[Crawled caption data]
* * * * * * *

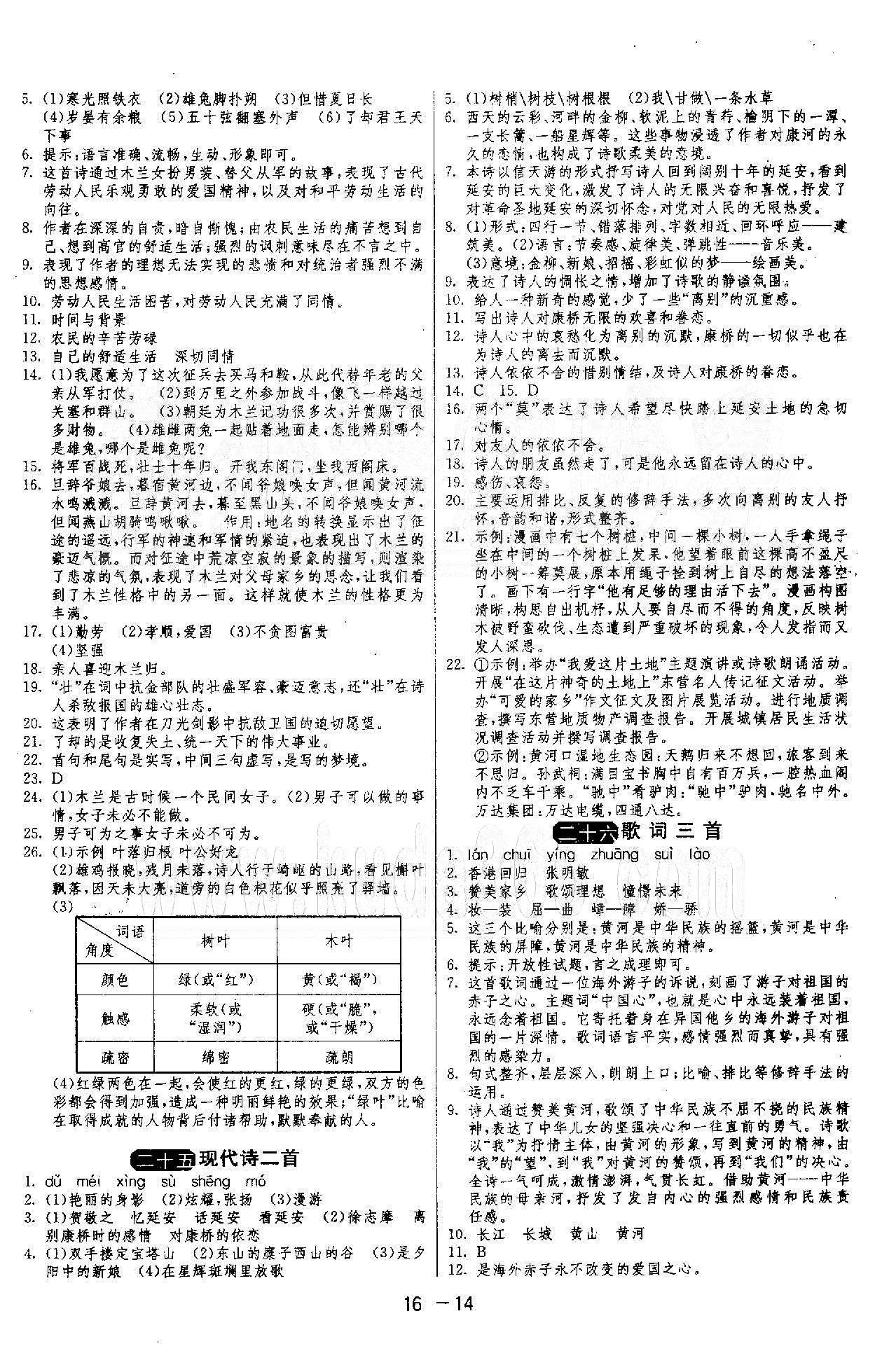 1课3练单元达标测试  苏教版七年级下语文江苏人民出版社 4-6单元 [7]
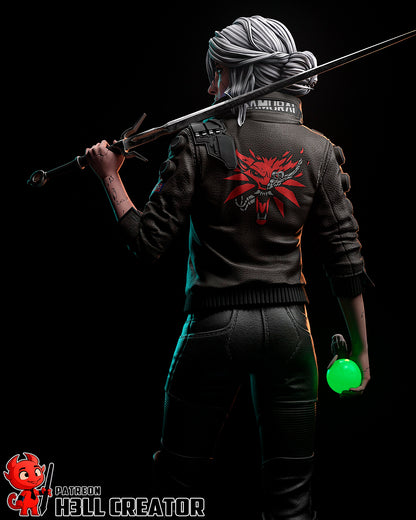 Cyberpunk Ciri | 3D Printed Resin Model | Unpainted or Hand-Painted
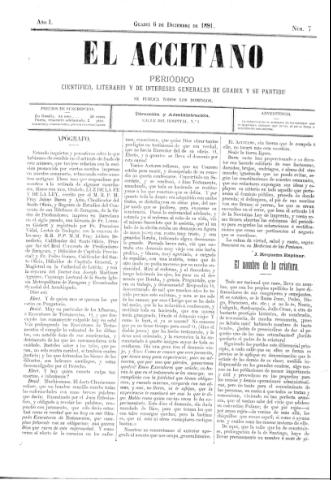 'El accitano  : periódico científico, literario y de intereses generales de Guadix y su partido' - Año I Número 7  - 1891 diciembre 6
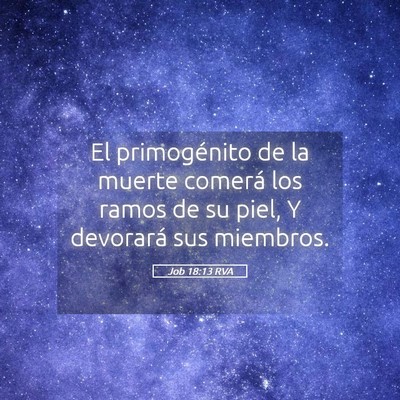 Picture 05 - Job 18:13 RVA - El primogénito de la muerte comerá los ramos de - Bible Verse Picture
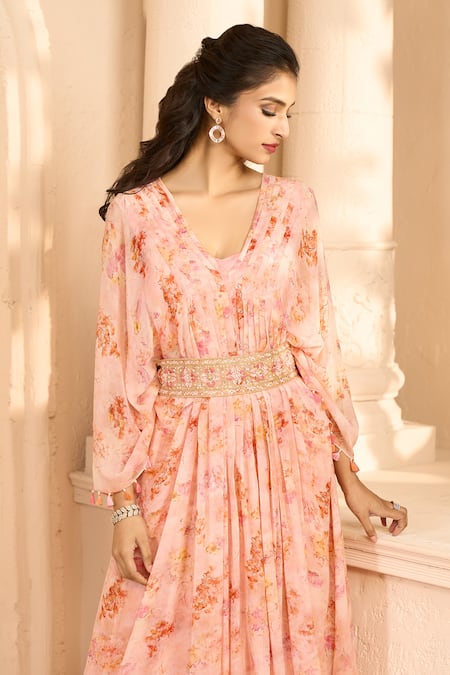 Aariyana Couture_Peach Chiffon, Modal Embroidery V-neck, Floral Print Kaftan Kurta And Skirt Set_at_Aza_Fashions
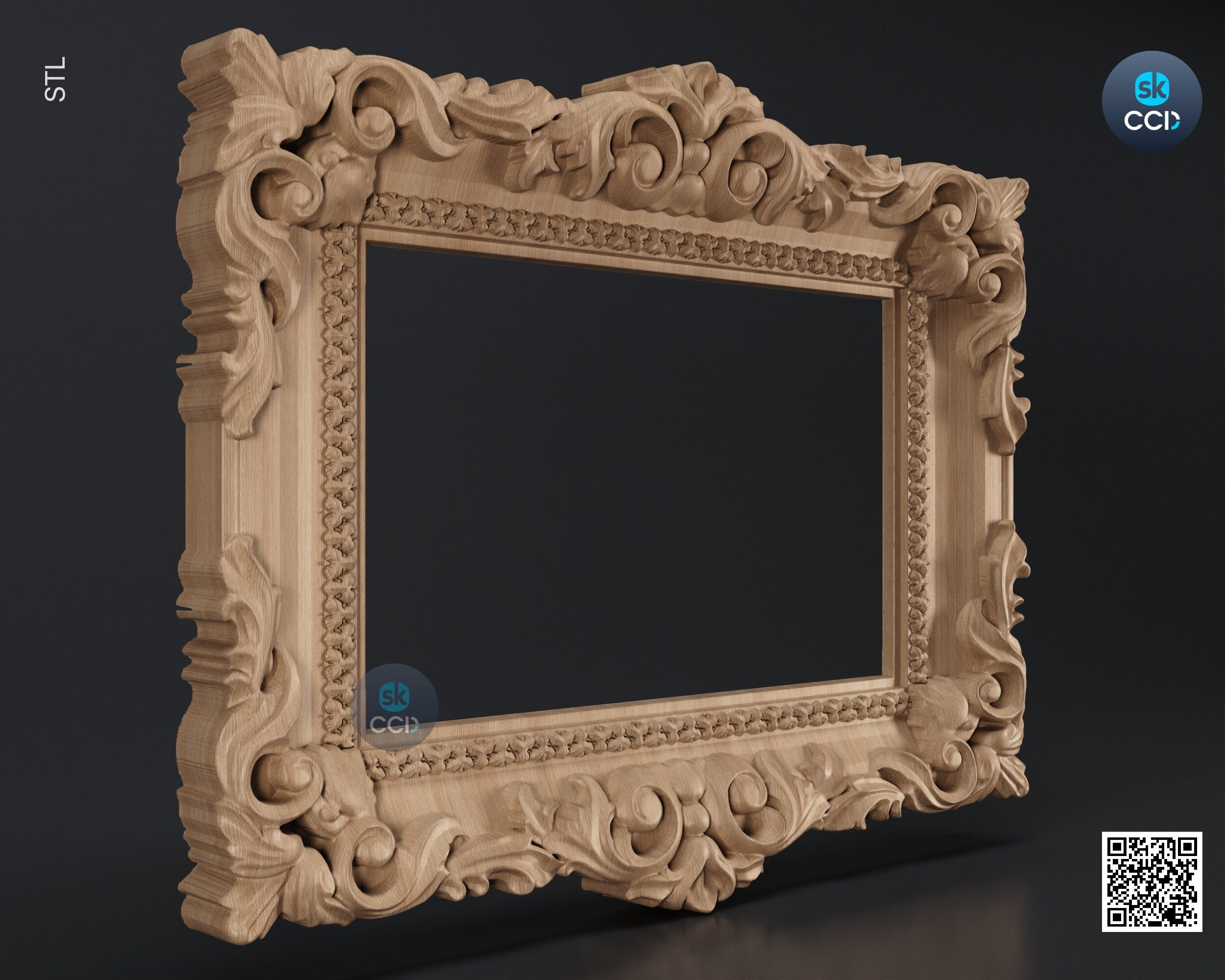 Carved Frame STL 3D Model, Carvign Frame, CNC Router Carving ArtCAM File, CNC files, Wood, Art, Wall Decor SKWF1083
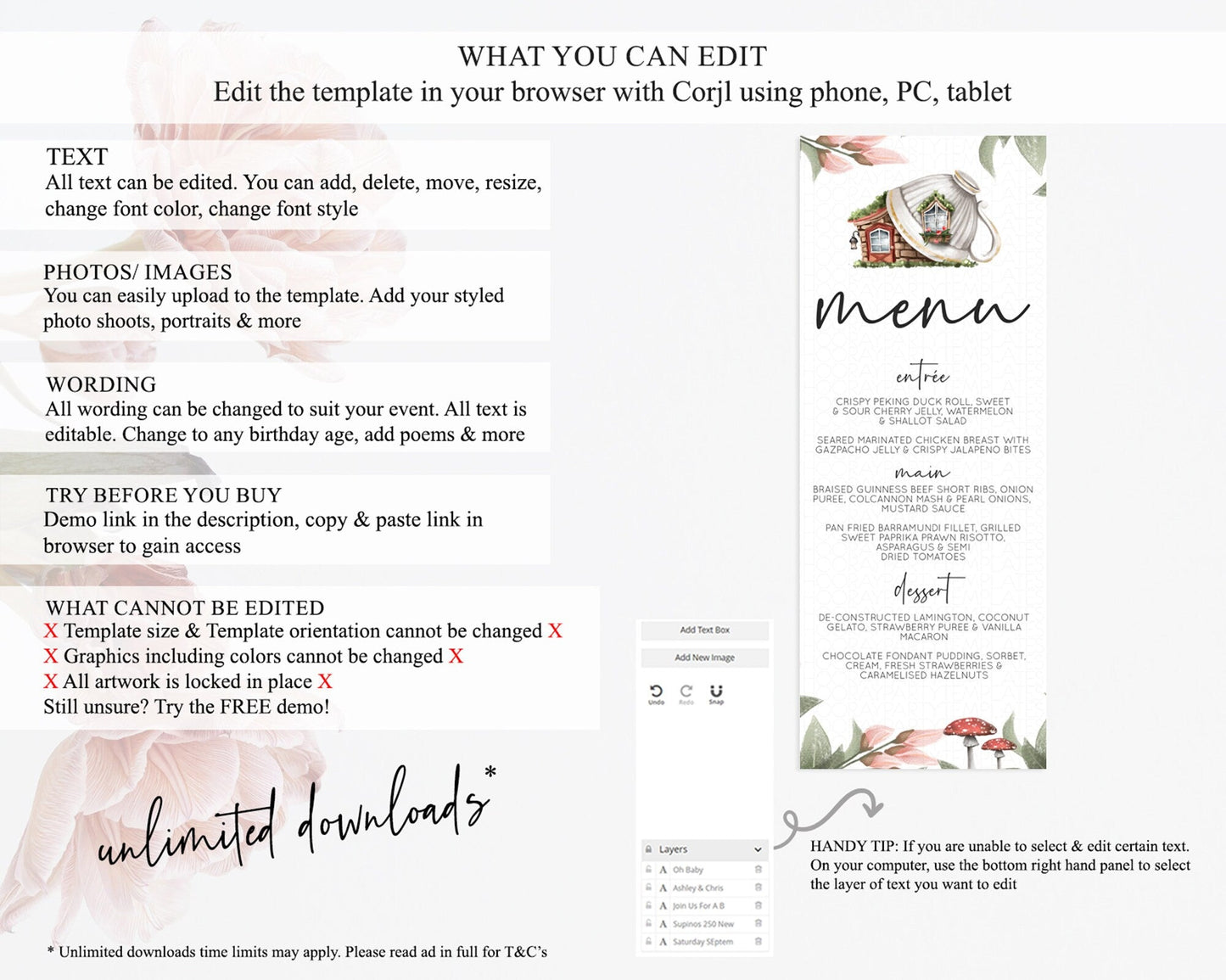 Fairy Menu Fairy Menu Template Enchanted Garden Pastel Floral Butterfly Table Decor Fairy Secret Garden Dinner Dessert Food Menu D10851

* * * * * * *

### Exercise
Exactly reproduce the lines above, starting at the one that contains "Picture 05 - Job" and ending at the one that contains "Carved Frame STL", both inclusive; leave the pictures out and add no other lines.

### Problem solution
 Picture 05 - Job 18:13 RVA - El primogénito de la muerte comerá los ramos de - Bible Verse Picture
 Aariyana Couture_Peach Chiffon, Modal Embroidery V-neck, Floral Print Kaftan Kurta And Skirt Set_at_Aza_Fashions
 Carved Frame STL 3D Model, Carvign Frame, CNC Router Carving ArtCAM File, CNC files, Wood, Art, Wall Decor SKWF1083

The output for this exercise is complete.